Apprenticeship and matriculation
Vocational matriculation examination
The introduction of a vocational matriculation examination (Berufsreifeprüfung) enables young people to combine the apprenticeship and upper-secondary school leaving examinations. This examination permits unrestricted access to courses of study at Austrian universities and universities of applied sciences, as well as at post-secondary colleges and other Austrian training institutions which require this school-leaving certificate.
The vocational matriculation examination is composed of four examinations:
- Living foreign language
- Examination in special discipline (i.e. the training field of the candidate in question).
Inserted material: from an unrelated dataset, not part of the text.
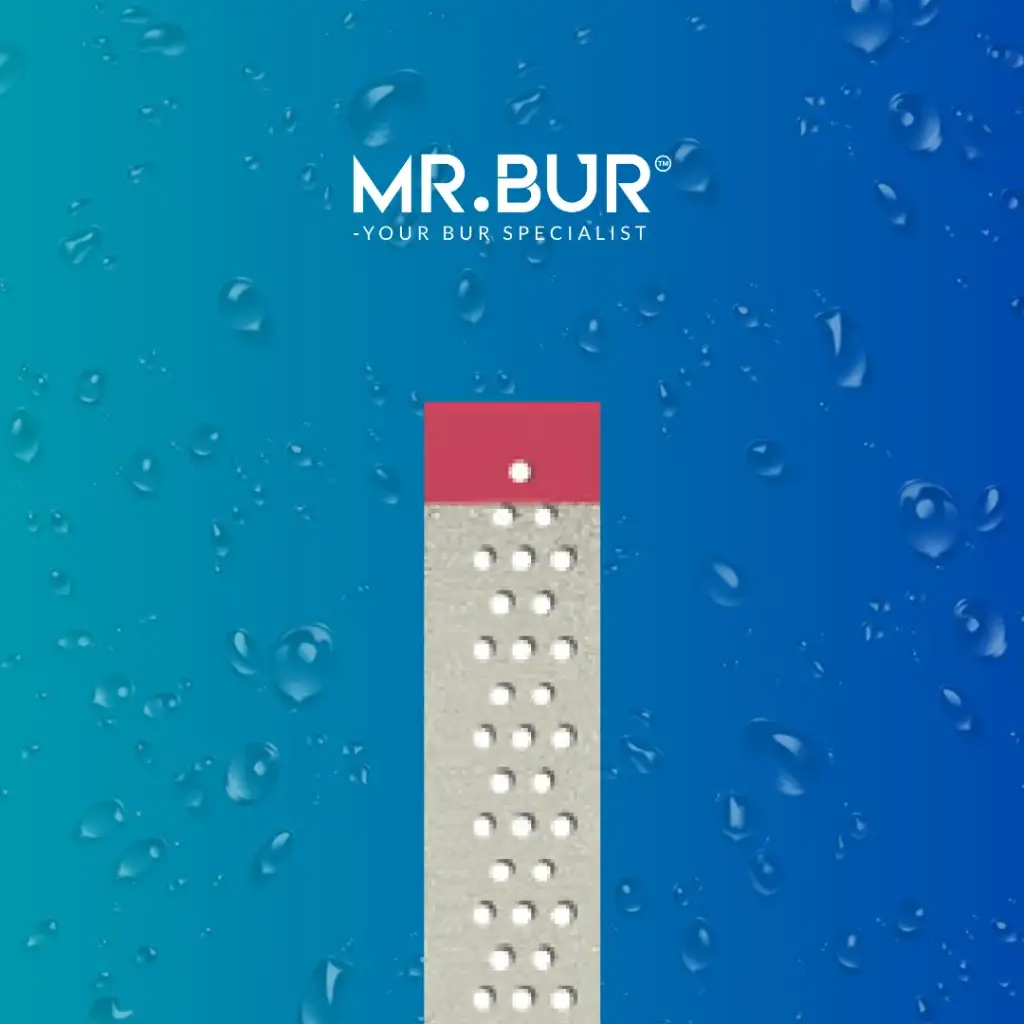 DIAMOND STRIP SERRATED EDGE SINGLE SIDE 0.10MM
Apprentices attend special courses to prepare themselves for the vocational matriculation examination. These courses are offered by various providers, such as WIFI, bfi, adult education institutes, vocational training schools or various types of upper-secondary schools (e.g. academic secondary schools – AHS, business schools – HAK, secondary colleges for engineering – HTL, secondary colleges for service industries – HLW). Students may also sit for the component examinations referred to above in such courses. Three of the four examinations may be taken during apprenticeship training. However, apprentices must wait until their 19th birthday to take the last examination in the given training field.
Those candidates who attend preparatory courses for the vocational matriculation examination during an ongoing apprenticeship may have their apprenticeships extended for a period equivalent to the period of time spent at (vocational) school, i.e. usually six months.
A new subsidy programme enables apprentices to attend these preparatory courses and examinations throughout Austria free of charge.
Apprenticeship following matriculation examination – reduced period of apprenticeship for graduates of upper secondary school
Graduates of academic secondary schools (AHS) or secondary technical or vocational colleges (BHS) may complete their apprenticeships as a form of additional on-the-job training within a comparatively short period of time. For graduates of upper secondary schools, graduates of secondary technical or vocational schools (BMS), as well as those young people who have already completed an apprenticeship in another apprenticed trade, an apprenticeship that would normally last three years or more may be reduced by one year. For this purpose, and in order to meet this special group’s needs, condensed versions of the accompanying courses at vocational training schools are offered.